* **Prompt**
Every line of the entries that holds the word "Salad" is to be copied.

(Crawled caption data)
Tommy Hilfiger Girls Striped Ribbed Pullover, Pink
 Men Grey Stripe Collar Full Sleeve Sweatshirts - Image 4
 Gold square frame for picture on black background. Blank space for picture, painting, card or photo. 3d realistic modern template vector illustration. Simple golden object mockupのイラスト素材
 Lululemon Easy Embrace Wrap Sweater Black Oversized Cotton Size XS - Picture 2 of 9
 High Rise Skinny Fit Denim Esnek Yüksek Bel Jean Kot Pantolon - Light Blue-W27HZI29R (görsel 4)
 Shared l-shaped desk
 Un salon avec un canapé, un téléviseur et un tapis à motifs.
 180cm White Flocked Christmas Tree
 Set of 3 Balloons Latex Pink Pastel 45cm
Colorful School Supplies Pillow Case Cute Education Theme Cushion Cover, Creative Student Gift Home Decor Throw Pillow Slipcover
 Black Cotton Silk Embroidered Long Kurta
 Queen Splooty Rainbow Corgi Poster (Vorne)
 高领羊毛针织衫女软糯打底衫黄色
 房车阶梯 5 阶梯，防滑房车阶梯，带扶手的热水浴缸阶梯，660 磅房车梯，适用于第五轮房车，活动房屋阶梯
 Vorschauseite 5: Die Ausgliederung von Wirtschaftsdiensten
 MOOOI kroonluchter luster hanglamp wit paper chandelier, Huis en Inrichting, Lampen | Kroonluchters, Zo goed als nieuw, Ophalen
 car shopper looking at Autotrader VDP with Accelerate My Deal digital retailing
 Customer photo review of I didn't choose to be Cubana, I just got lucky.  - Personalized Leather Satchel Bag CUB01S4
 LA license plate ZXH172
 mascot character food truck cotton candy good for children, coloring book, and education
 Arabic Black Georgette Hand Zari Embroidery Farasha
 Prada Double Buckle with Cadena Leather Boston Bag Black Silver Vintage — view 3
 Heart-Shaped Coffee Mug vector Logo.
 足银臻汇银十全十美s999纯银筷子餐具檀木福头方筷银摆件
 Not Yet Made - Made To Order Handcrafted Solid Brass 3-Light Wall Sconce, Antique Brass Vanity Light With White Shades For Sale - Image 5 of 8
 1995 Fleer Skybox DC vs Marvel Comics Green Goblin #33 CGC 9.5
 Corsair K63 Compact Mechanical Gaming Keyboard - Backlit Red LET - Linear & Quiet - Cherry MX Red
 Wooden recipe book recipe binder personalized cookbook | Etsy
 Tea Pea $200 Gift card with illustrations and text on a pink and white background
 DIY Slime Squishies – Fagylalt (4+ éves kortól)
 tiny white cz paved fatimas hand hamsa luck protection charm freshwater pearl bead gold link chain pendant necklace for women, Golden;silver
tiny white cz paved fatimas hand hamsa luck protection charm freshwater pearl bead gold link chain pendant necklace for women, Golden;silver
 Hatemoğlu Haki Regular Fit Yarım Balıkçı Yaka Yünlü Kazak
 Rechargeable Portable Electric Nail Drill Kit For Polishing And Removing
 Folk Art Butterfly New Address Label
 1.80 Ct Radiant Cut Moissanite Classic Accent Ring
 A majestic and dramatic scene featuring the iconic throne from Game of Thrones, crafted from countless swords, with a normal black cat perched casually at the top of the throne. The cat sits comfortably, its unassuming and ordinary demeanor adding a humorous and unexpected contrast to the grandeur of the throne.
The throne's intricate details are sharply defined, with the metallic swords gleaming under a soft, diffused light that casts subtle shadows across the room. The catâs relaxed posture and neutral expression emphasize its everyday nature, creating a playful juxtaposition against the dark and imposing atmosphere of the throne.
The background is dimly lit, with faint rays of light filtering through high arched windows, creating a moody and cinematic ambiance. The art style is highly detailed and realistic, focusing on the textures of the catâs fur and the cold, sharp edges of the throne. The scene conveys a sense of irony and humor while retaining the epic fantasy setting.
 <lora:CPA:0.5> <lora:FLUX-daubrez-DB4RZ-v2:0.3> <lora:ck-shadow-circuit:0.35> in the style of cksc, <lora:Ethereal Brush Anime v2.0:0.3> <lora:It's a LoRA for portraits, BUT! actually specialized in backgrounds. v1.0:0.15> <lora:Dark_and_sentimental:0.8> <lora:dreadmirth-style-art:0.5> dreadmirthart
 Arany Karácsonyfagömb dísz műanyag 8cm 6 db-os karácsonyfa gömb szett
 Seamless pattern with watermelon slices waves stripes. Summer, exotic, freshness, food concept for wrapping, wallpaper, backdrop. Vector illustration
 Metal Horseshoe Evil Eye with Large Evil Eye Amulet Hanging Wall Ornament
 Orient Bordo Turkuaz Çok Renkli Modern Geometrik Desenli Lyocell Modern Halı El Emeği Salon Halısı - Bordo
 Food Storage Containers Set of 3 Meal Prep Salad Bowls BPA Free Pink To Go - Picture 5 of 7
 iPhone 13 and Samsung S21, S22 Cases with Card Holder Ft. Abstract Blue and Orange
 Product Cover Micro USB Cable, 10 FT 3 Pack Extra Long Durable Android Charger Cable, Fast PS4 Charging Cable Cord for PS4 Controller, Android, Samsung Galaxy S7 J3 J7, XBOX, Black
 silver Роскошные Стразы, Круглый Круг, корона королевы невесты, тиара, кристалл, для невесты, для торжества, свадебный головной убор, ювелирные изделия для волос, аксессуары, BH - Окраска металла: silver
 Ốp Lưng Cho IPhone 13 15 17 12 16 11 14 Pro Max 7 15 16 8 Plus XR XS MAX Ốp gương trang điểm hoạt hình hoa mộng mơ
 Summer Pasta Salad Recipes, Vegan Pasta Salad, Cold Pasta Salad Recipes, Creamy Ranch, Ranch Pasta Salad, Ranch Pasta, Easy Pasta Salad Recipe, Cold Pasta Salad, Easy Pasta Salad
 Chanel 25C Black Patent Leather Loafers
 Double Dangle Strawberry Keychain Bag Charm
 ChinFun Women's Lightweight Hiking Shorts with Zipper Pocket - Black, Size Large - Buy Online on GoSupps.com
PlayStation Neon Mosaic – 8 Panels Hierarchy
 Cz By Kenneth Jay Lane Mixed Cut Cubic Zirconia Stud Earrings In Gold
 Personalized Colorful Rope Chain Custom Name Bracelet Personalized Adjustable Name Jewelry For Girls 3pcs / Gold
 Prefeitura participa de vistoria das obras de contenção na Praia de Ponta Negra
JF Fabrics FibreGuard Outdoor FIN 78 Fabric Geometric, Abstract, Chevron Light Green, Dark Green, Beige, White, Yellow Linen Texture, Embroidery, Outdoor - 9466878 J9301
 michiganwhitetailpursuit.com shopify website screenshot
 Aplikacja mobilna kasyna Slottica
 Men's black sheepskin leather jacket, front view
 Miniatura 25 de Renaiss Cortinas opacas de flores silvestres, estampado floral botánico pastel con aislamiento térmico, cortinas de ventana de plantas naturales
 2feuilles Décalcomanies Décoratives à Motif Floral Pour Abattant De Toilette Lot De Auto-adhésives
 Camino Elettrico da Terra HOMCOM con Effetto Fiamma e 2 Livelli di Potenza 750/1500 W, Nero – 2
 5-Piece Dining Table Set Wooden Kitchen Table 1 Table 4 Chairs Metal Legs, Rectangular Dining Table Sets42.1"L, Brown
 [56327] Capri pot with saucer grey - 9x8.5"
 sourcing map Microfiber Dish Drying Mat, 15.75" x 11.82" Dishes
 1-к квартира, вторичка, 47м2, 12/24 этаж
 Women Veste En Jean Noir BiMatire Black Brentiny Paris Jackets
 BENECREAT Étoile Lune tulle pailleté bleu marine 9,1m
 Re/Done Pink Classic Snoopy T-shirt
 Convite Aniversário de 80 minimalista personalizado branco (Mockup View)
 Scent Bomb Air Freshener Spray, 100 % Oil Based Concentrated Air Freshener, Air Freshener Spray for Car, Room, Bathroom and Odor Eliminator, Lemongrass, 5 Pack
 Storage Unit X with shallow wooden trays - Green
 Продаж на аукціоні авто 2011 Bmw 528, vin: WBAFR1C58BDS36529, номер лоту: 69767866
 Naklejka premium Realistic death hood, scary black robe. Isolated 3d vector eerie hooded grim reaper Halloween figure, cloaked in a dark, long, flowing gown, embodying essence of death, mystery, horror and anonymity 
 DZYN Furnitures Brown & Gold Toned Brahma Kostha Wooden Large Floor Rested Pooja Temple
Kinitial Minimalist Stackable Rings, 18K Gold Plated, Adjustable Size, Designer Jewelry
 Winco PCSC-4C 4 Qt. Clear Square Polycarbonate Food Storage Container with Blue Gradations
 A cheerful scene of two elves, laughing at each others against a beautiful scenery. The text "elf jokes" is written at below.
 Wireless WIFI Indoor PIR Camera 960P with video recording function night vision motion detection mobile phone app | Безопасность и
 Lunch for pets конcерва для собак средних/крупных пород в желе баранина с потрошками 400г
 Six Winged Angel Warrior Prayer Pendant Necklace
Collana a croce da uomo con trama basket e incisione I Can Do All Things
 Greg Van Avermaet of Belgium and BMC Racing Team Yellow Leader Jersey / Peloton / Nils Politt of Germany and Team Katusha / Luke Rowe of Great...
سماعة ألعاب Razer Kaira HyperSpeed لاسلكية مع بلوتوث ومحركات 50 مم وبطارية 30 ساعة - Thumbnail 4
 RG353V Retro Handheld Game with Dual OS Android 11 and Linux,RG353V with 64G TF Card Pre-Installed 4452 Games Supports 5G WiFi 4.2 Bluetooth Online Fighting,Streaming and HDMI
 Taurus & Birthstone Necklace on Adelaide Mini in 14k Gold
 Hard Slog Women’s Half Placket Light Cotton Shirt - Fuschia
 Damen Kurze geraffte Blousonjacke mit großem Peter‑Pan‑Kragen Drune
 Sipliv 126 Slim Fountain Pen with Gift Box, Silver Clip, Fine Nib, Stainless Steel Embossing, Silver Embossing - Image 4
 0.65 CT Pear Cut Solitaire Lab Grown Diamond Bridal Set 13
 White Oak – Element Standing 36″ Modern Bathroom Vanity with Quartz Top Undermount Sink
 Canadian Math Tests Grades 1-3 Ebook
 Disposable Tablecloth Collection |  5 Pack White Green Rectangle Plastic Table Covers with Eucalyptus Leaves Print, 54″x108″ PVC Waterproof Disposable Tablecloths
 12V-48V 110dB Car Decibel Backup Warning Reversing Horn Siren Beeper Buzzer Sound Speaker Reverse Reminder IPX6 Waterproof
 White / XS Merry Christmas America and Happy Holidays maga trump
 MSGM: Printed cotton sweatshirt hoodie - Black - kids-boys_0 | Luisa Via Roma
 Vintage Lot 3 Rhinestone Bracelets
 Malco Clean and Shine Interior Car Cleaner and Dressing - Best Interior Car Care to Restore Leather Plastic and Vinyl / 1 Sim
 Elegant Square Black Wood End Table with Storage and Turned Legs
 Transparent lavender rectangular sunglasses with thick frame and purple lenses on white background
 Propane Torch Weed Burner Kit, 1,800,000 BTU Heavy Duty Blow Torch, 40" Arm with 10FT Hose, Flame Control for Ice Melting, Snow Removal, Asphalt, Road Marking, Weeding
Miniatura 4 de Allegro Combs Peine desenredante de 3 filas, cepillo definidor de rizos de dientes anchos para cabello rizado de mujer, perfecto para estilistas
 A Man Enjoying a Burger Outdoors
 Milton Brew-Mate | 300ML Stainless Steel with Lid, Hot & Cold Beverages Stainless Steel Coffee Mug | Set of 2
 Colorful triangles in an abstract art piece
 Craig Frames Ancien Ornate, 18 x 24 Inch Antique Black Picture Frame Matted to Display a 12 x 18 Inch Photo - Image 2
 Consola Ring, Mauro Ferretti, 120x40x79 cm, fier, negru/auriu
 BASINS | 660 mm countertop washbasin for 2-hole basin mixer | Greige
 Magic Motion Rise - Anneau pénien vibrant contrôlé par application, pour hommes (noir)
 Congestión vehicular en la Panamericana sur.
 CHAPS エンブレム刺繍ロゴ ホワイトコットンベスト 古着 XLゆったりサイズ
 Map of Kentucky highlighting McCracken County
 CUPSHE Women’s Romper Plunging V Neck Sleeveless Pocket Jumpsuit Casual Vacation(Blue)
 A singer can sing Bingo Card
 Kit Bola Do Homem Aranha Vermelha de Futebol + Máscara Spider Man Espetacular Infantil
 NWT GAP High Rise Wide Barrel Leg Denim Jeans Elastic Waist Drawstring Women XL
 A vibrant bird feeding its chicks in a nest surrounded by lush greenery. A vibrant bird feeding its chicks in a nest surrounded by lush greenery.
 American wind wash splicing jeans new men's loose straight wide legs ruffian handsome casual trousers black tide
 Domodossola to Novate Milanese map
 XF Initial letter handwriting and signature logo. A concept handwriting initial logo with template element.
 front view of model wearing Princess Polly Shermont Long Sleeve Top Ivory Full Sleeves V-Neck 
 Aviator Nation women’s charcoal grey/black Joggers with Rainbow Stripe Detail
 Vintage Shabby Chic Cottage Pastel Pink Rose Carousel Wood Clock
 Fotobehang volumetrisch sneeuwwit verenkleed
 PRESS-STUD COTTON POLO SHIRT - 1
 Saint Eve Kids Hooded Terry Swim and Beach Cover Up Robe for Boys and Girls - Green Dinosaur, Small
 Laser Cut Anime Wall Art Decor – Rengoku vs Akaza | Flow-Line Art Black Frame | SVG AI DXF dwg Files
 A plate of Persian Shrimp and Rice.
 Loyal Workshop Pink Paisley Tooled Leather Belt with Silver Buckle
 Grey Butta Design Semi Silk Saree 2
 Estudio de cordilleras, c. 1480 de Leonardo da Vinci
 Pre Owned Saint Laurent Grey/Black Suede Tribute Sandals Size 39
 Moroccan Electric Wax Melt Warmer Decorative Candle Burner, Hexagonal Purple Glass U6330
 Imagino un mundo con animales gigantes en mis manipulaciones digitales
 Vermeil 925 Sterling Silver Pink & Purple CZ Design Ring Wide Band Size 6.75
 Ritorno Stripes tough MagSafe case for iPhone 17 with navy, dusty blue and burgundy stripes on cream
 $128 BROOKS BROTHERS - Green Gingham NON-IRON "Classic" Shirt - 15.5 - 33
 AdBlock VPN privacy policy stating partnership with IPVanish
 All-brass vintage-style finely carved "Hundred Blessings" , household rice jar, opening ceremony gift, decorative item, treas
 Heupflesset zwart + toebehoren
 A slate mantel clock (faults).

* **Exercise result**
 Food Storage Containers Set of 3 Meal Prep Salad Bowls BPA Free Pink To Go - Picture 5 of 7
 Summer Pasta Salad Recipes, Vegan Pasta Salad, Cold Pasta Salad Recipes, Creamy Ranch, Ranch Pasta Salad, Ranch Pasta, Easy Pasta Salad Recipe, Cold Pasta Salad, Easy Pasta Salad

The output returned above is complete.